That was all they required, he would say, to hike their way home. Somehow, Clara had always managed it. From an early age she had learned never to show fear and never to reveal reluctance.
As the plane climbed higher the map turned into a tapestry, with dark green forests, thick as fur, wedged between the patchwork of fields. A flash of river, like mercury. They flew through a
fleece of clouds, moisture beading the outside of the glass, and out again into the empty sky. As Clara breathed in the air, sharp and cold as a knife, she felt a rush of exhilaration. Suddenly she
understood the addiction of flight. How wonderful it must be to have this heart-stopping excitement in your life, to feel that in an instant you could soar above the city and leave your landlocked
life behind you.
‘That’s the rate-of-climb indicator.’ Strauss jabbed a finger at the instrument panel. ‘The boost pressure indicator, the speed indicator, the altimeter. The maximum
speed of this plane is three hundred and sixty-five kilometres an hour.’
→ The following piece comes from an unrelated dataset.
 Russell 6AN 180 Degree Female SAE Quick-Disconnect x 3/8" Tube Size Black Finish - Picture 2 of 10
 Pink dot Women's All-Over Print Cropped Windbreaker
None of the dials meant anything to her. Crouched behind Strauss, Clara felt like Sinbad on the back of the eagle, though her every sensation was governed by the penetrating cold. Her attempt at
dressing warmly had been hopelessly inadequate. The cold burned her face and even with Strauss’s jacket she felt as if she might freeze to the steel seat. She wondered how Strauss was
managing without it, though she could see he was wearing fur-lined boots and a thick sweater swaddled over several layers.
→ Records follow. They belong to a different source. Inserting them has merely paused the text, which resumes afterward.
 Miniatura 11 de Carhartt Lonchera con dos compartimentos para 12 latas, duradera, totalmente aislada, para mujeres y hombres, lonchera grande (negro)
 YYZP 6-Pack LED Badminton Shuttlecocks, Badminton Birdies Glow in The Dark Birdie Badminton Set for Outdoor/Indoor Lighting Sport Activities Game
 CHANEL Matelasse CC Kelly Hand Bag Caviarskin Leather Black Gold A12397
They were much higher now, unimaginable thousands of feet, and below them Brandenburg spread out to the faint line of the horizon, purple with the wrinkle of the hills.
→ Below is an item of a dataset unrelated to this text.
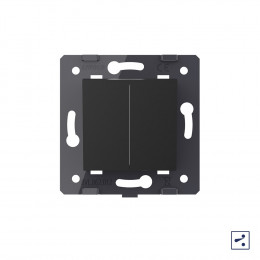 Двухклавишный простой и проходной механический выключатель Livolo, цвет черный (механизм), VL-C7-K2S-12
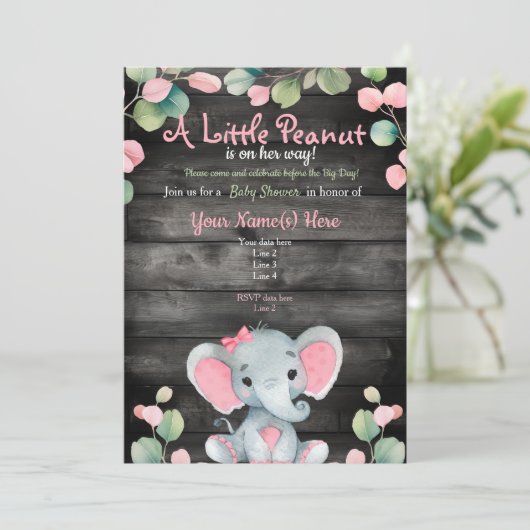 Green Pink Elephant Baby Dusche Einladung Rustikal (Stehend Vorderseite)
‘Hold on!’ shouted Strauss.
From its great height, the plane flipped in a graceful somersault, tumbling through the cloud cover before swooping downwards. Banking and turning, it rolled over and over so she could no longer
tell whether they were up or down. To her horror, it seemed that the propeller had cut out and the engine was dead. As they hurtled towards the earth, trees and grass and buildings came into view.
Clara could scarcely breathe from terror. A searing pain drilled in her ears and the air was knocked from her lungs as she gripped the sides of the seat, wanting to scream but unable to make a
sound. The propeller was still not functioning. She squeezed her eyes shut. For several seconds they continued downwards until at the last moment, when they had dipped so low they almost touched
the grass with one wing, the plane swung violently to one side, Strauss opened the throttle and the ground leapt away from them as they ascended steeply into the air.
‘That’s called a Dead Stick landing,’ he shouted, pulling the plane into a rapid climb. ‘Our friend Ernst has the copyright on that.’
For a moment she did not grasp what he was saying, until she comprehended that the terrifying plunge was intentional, and that Strauss had performed a dangerous stunt without warning her. When
she understood, fury and fear mingled in her as the plane thrust its way upwards, every inch shuddering as the propeller blades, working again, sliced through the cold, white air. She was going to
be sick, she knew it.
Above the cloud bank the plane dropped speed a little, levelled out and they drifted high through the sparkling morning. The ground beneath was obscured by vapour so they were entirely alone,
suspended between earth and heaven. Spokes of sunlight streamed through gaps in the clouds.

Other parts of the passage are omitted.